> **GIVEN DATA**:
************

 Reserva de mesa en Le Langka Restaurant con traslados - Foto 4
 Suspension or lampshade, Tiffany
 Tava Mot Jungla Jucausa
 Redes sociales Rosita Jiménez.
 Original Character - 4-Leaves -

************

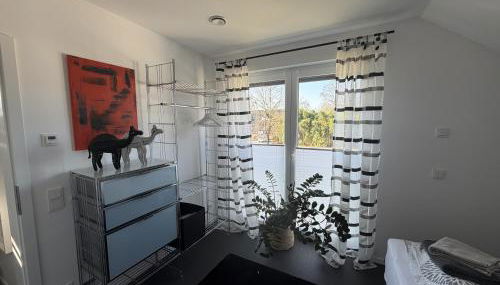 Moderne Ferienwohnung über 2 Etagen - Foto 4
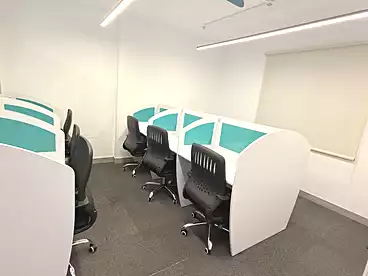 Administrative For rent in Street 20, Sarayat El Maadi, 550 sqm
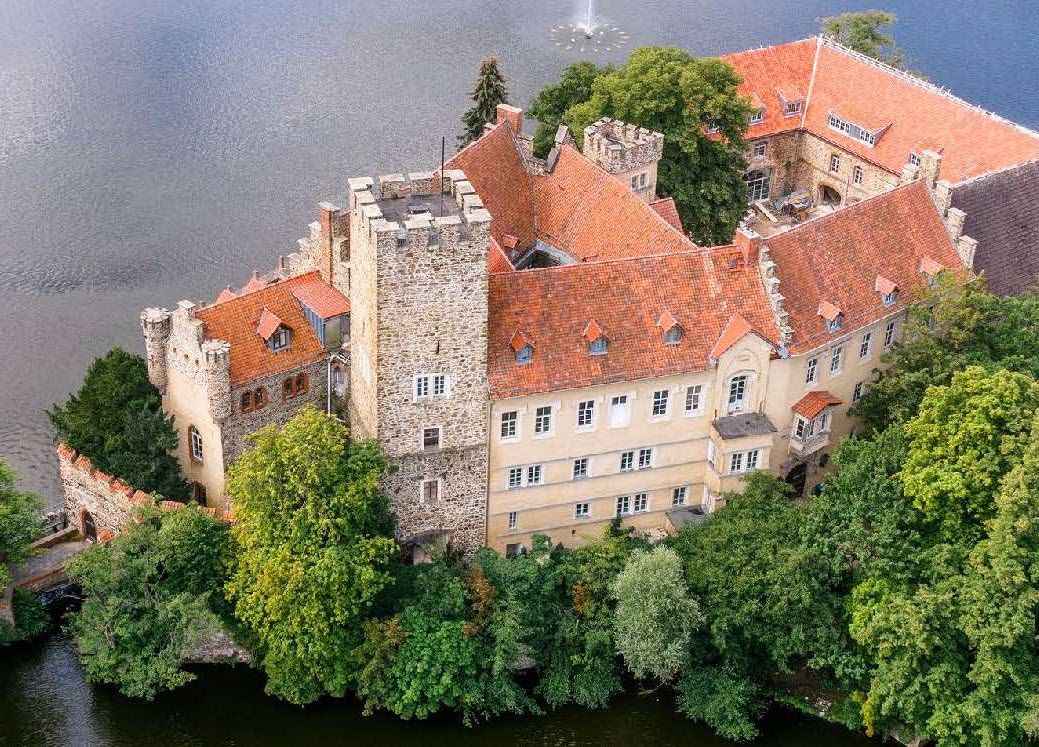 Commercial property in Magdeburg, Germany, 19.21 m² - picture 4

************

> **DESCRIPTION OF THE TASK**:
Repeat exactly the stretch of the listing above that starts with the line holding "Administrative For rent" and finishes with the line holding "Commercial property in", both included. Skip every picture.

> **RESPONSE**:
 Administrative For rent in Street 20, Sarayat El Maadi, 550 sqm
 Commercial property in Magdeburg, Germany, 19.21 m² - picture 4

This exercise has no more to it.